**EXERCISE DESCRIPTION:** With the pictures left out, restate every entry word for word.

**RECORDS FOR THE EXERCISE:**
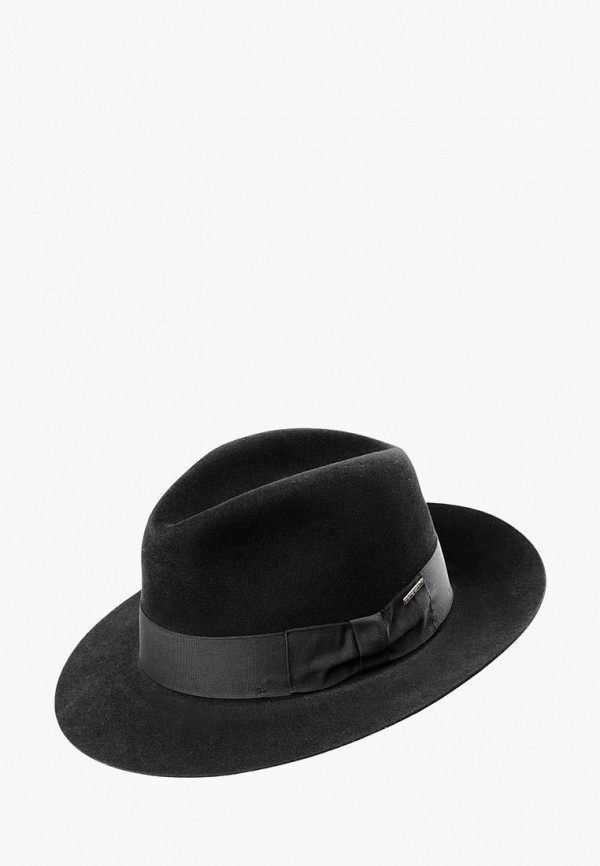 

Шляпа Pierre Cardin, Черный, GERARD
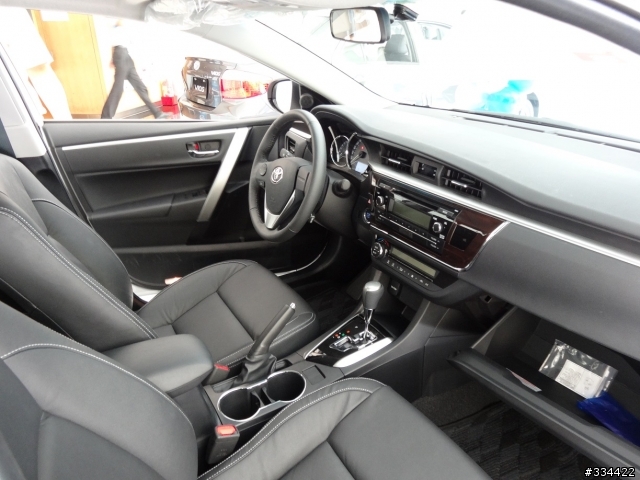 參加COROLLA ALTIS口碑試駕會心得分享 (下午場)
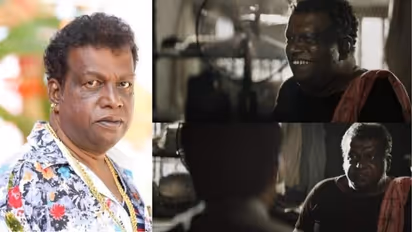 'ಅವನು ಒಬ್ಬನೇ ಬರೋನು..ಮಾನ್ ಸ್ಟರ್' ಡೈಲಾಗ್ ಹೊಡೆದು KGFನಲ್ಲಿ ಮಿಂಚಿದ್ದ ನಟ ಮೋಹನ್ ಜುನೇಜ ಇನ್ನಿಲ್ಲ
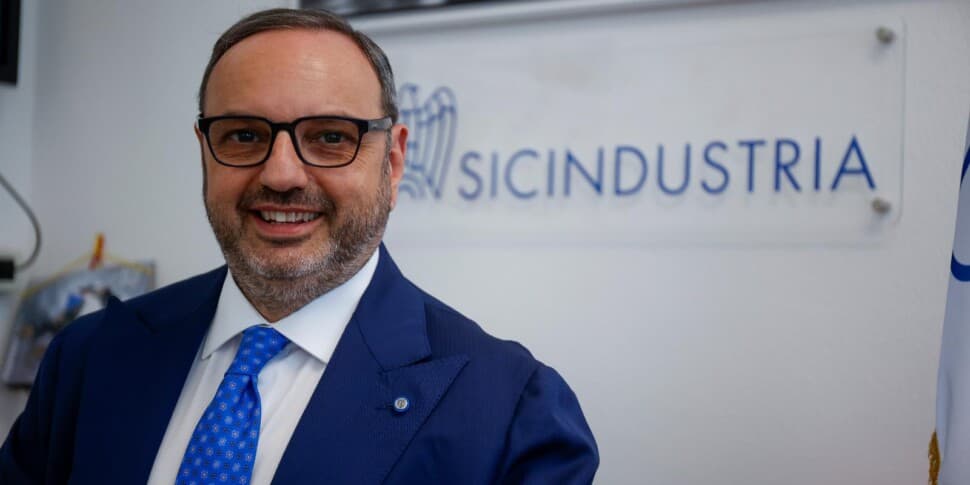 Sicindustria, Rizzolo: «Le imprese devono essere protette»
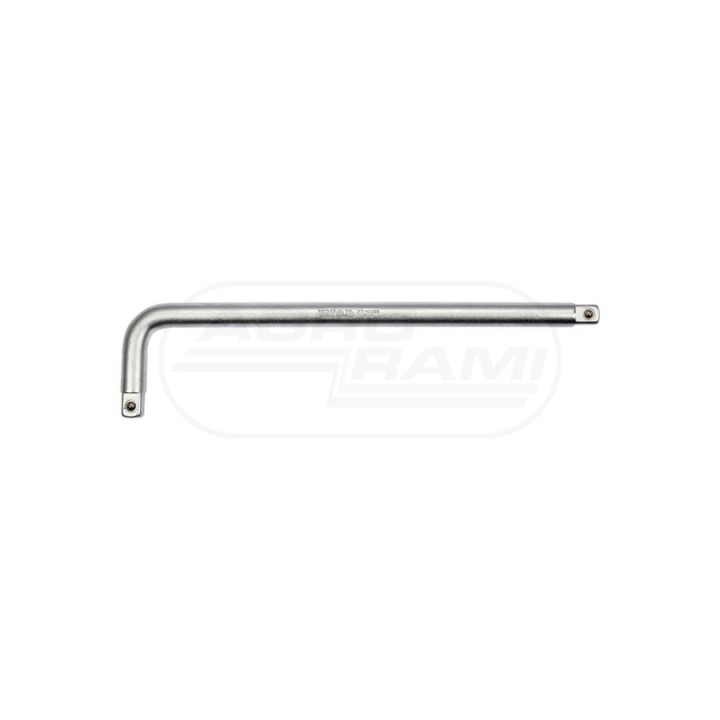 Pokrętło typu L YATO 1/2" 300x70 mm YT12439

**YOUR RESPONSE:**
Шляпа Pierre Cardin, Черный, GERARD
 參加COROLLA ALTIS口碑試駕會心得分享 (下午場)
 'ಅವನು ಒಬ್ಬನೇ ಬರೋನು..ಮಾನ್ ಸ್ಟರ್' ಡೈಲಾಗ್ ಹೊಡೆದು KGFನಲ್ಲಿ ಮಿಂಚಿದ್ದ ನಟ ಮೋಹನ್ ಜುನೇಜ ಇನ್ನಿಲ್ಲ
 Sicindustria, Rizzolo: «Le imprese devono essere protette»
 Pokrętło typu L YATO 1/2" 300x70 mm YT12439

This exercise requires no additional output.